After an evaluation, GNOME has moved from Bugzilla to GitLab. Learn more about GitLab.
No new issues can be reported in GNOME Bugzilla anymore.
To report an issue in a GNOME project, go to GNOME GitLab.
Do not go to GNOME Gitlab for: Bluefish, Doxygen, GnuCash, GStreamer, java-gnome, LDTP, NetworkManager, Tomboy.
Bug 685530 - Excessive save time for xlsx
Excessive save time for xlsx
Status: RESOLVED FIXED
Product: Gnumeric
Classification: Applications
Component: import/export MS Excel (tm)
unspecified
Other Linux
: Normal normal
: ---
Assigned To: Jody Goldberg
Jody Goldberg
: 662058 (view as bug list)
Depends on:
Blocks:
 
 
Reported: 2012-10-04 21:42 UTC by Andreas J. Guelzow
Modified: 2012-10-07 23:31 UTC
See Also:
GNOME target: ---
GNOME version: ---


Attachments
sample file (13.60 KB, application/x-gnumeric)
2012-10-04 21:42 UTC, Andreas J. Guelzow
  Details
Partial patch (7.65 KB, patch)
2012-10-07 12:47 UTC, Morten Welinder
none Details | Review
Updated patch (8.65 KB, patch)
2012-10-07 20:02 UTC, Morten Welinder
none Details | Review

Description Andreas J. Guelzow 2012-10-04 21:42:30 UTC
Created attachment 225851 [details]
sample file

It takes a really long time to save some pretty small files to xlsx (ECMA version 1).

A sample file is attached.

Note that this file (<14KB) becomes 33MB when saved as xlsx.
Comment 1 Morten Welinder 2012-10-06 14:19:06 UTC
The file (and probably time) comes from a crazy number of these:

 <sheetData>
...
   <row r="51" spans="1:256" ht="19.85" customHeight="1">
      <c r="A51" s="6" t="str">
        <v>2.2.2.  initiative</v>
      </c>
      <c r="B51" s="6"/>
      <c r="C51" s="6"/>
      <c r="D51" s="6"/>
      <c r="E51" s="6"/>
      <c r="F51" s="6"/>
      <c r="G51" s="6"/>
      <c r="H51" s="1"/>
      <c r="I51" s="1"/>
      <c r="J51" s="1"/>
      <c r="K51" s="1"/>
      <c r="L51" s="1"/>
...
Comment 2 Morten Welinder 2012-10-06 14:28:07 UTC
Specifically:

# egrep -c '<c r="[A-Z]+[0-9]+" s="1"/>' /tmp/ddd/xl/worksheets/sheet1.xml 
16768348

That's a lot of empty cells with style #1!
Comment 3 Morten Welinder 2012-10-06 14:44:38 UTC
Plan of action:

1. Teach xlsx_write_col and xlsx_write_cols to write the most common
   style as the "style" attribute.

2. Teach xlsx_write_cells to only write existing sheets.

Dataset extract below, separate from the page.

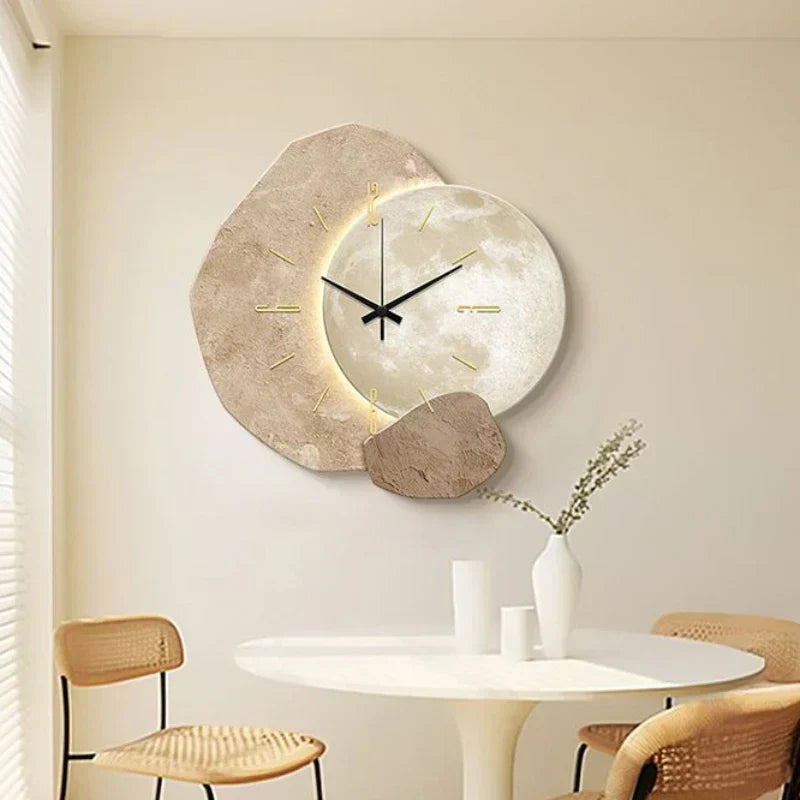 Decoratieve Scandinavische klok met verlichting, een modern accent voor woonkamer of hal.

3. Make new xlsx_write_empty_cells_styles and have it create records only
   for non-existing cells with styles that are not the col's most common.

I think we have all the pieces to make this happen.
Comment 4 Morten Welinder 2012-10-06 14:55:47 UTC
This will also fix bug 662058.
Comment 5 Morten Welinder 2012-10-07 12:47:21 UTC
Created attachment 225986 [details] [review]
Partial patch

This reduces file size by three orders of magnitude and speeds things up a
good deal.
Comment 6 Morten Welinder 2012-10-07 20:02:06 UTC
Created attachment 225997 [details] [review]
Updated patch

This also skips boring rows fairly fast.
Comment 7 Morten Welinder 2012-10-07 20:04:08 UTC
> fairly fast

Fast enough to make the file from bug 662058 save instantly.
Comment 8 Morten Welinder 2012-10-07 20:04:28 UTC
*** Bug 662058 has been marked as a duplicate of this bug. ***
Comment 9 Morten Welinder 2012-10-07 23:31:43 UTC
This problem has been fixed in the development version. The fix will be available in the next major software release. Thank you for your bug report.